The clean slate measures are akin to, but go beyond, the “ban the box” laws enacted in many states and cities, as well as via federal policy governing the hiring of workers under federal contracts. “Ban the box” requires employers to omit any criminal history question on initial job applications, but lets them ask candidates later in the hiring process. Clean slate laws, alternately, make it so that employers might not know about a job candidate’s criminal history because it won’t show up on background searches.

The exceptions to clean slate laws vary by state. In the New York bill, criminal history information would still be available to certain government agencies, employers hiring police officers, and rideshare companies that are required by state law to check the criminal histories of their drivers.

Although far from universal, business support for the measures is growing, driven in part by the need for more workers in the labor force.

“As we continue to recover from the pandemic, businesses are adapting to economic conditions and resuming their search for skilled workers,” Nan Gibson, executive director of the JPMorgan Chase PolicyCenter, said in written testimony to the New York legislature earlier this year. “By reducing barriers to employment for those with criminal records, we will be able to get more people back to work more quickly.”

Local approaches to the issue are getting traction as well. The Atlanta City Council earlier this year expanded its nondiscrimination ordinance to ban employment discrimination based on criminal history.

Robert Iafolla: Federal appellate courts are wading into legal controversies Monday that harken back to an earlier stage of the pandemic, as they hear oral argument in cases involving Covid-19 hazard pay and state law liability shields against coronavirus-related lawsuits.

Southern California Healthcare System Inc. will try to convince the US Court of Appeals for the Ninth Circuit to revive its lawsuit challenging Culver City’s now-defunct “hero pay” ordinance that required it to pay an extra $5 per hour to hospital workers.

SCHS, which operates a hospital in Culver City, seeks damages for an allegedly unconstitutional law that cost it $2.1 million. The ordinance was the city council’s gift to the Service Employees International Union-Healthcare Workers West, which represents hourly workers at the hospital, the company said.

The company said its hospital in Culver City was the only employer covered by the 2021 hero pay requirement. It alleged the law was preempted by federal labor law and violated the US and California Constitutions, including the Equal Protection Clause and Contracts Clause.

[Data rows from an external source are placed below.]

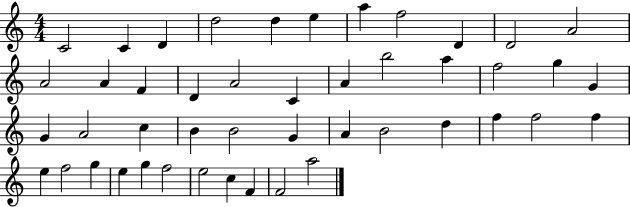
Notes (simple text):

C4/h C4/q D4/q D5/h D5/q E5/q A5/q F5/h D4/q D4/h A4/h A4/h A4/q F4/q D4/q A4/h C4/q A4/q B5/h A5/q F5/h G5/q G4/q G4/q A4/h C5/q B4/q B4/h G4/q A4/q B4/h D5/q F5/q F5/h F5/q E5/q F5/h G5/q E5/q G5/q F5/h E5/h C5/q F4/q F4/h A5/h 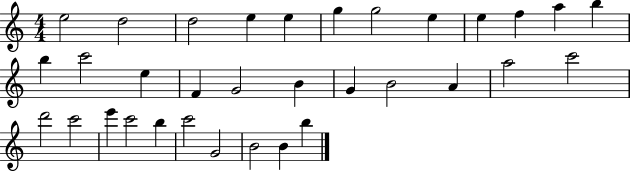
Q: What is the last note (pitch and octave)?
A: B5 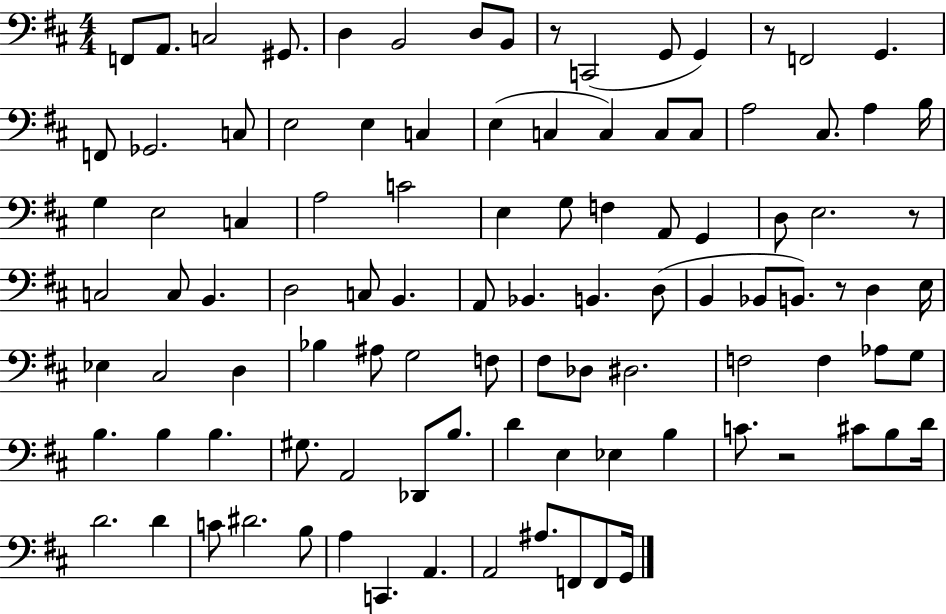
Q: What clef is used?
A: bass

“The Ordinance is not a legitimate exercise of legislative authority,” SCHS said. “It is the misuse of public power to redistribute private resources solely on the ground that those who benefit exercised raw political power to obtain what they want.”

US District Judge Mark Scarsi, a Trump appointee, dismissed the lawsuit in January.

Culver City said it clearly had the power to regulate wages with the ordinance. The union said the “vague accusations” about acting improperly while advocating for the ordinance doesn’t change that none of the company’s claims passed the plausibility threshold of a motion to dismiss.

Read more: Dying Covid Liability Shield Laws Prompt Push for Their Revival

Judge Marsha Berzon, a renowned union-side labor lawyer before President Bill Clinton appointed her to the bench, is on the panel hearing the case. Trump-appointed Judges Ryan Nelson and Bridget Bade round out the panel.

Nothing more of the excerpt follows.